Ed è questo che fanno i The Lion’s Daughter fin dal 2007…caleodoscopici interpreti di generi vari, nel loro songwriting la facilità con cui si attraversano universi sonori come il grind o il doom fa quasi impressione; il risultato è un’avventura nell’abisso più nero, dove sembra non esservi fine alla violenza. I tre americani prendono spunto principalmente da strutture groovy e poco articolate in modo da cementare parti gravi e tonanti dove basare i latrati marci e putrescenti di Rick Giordano.
La produzione è oscura e pressante come un film dell’orrore, imperniata su una resa angosciante delle parti ritmiche in particolare. I suoni sono freddi e pungenti mentre le performance denotano una capacità espressiva mirata all’esplosione della bomba. Il mixing rimane minimale e poco curato, in modo da creare maggiore confusione, mentre il mastering pompa a 360° l’inferno sonoro generato dai tre statunitensi.

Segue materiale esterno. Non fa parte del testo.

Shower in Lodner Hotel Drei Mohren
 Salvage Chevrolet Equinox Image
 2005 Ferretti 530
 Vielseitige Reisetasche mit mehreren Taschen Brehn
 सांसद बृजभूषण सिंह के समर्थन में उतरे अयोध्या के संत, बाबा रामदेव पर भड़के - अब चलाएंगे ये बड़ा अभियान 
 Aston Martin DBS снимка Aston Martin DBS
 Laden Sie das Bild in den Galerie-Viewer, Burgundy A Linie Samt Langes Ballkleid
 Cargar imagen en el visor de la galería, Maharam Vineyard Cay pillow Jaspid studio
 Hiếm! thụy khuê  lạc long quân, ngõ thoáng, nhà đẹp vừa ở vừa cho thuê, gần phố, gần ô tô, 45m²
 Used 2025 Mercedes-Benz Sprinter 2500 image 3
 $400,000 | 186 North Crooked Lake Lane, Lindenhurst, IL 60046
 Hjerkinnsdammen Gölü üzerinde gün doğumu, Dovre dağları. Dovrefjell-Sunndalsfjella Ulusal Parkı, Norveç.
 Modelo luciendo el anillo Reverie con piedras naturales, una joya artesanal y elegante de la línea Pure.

Per affrontare questo “Existence Is Horror” è necessario fare una premessa: qui non si sta parlando di un disco diretto e fruibile ma di un platter deforme che richiede numerosi ascolti. “Phobetor” è solo l’ascensore che vi accoglie sinuoso mentre da “Mass Green Extinctus” in poi non vi sarà più pace per nessuno; strutture serrate al limite, batterie lancinanti e vocalizzi psicotici li troverete in “Nothing Lies Ahead”, “Four Flies” e “A Cursed Black End”, mentre più velocità e pathos vi fonderanno le orecchie in passaggi come “Dog Shaped Man” e “The Fiction In The Dark”. Infine, il binomio conclusivo “They’re Already Inside” e “The Horror Of Existence” farà la felicità di chi ama abbandonarsi al lato violento della musica senza alcuna misura di sicurezza.
In conclusione i The Lion’s Daughter hanno capito cosa vogliono e come intendono diffonderlo sul globo terraqueo; un disco coraggioso, specie in un momento in cui si fa a gara in velocità e consolle, che sa regalare un pathos nero e bastardo in modo onesto e passionale.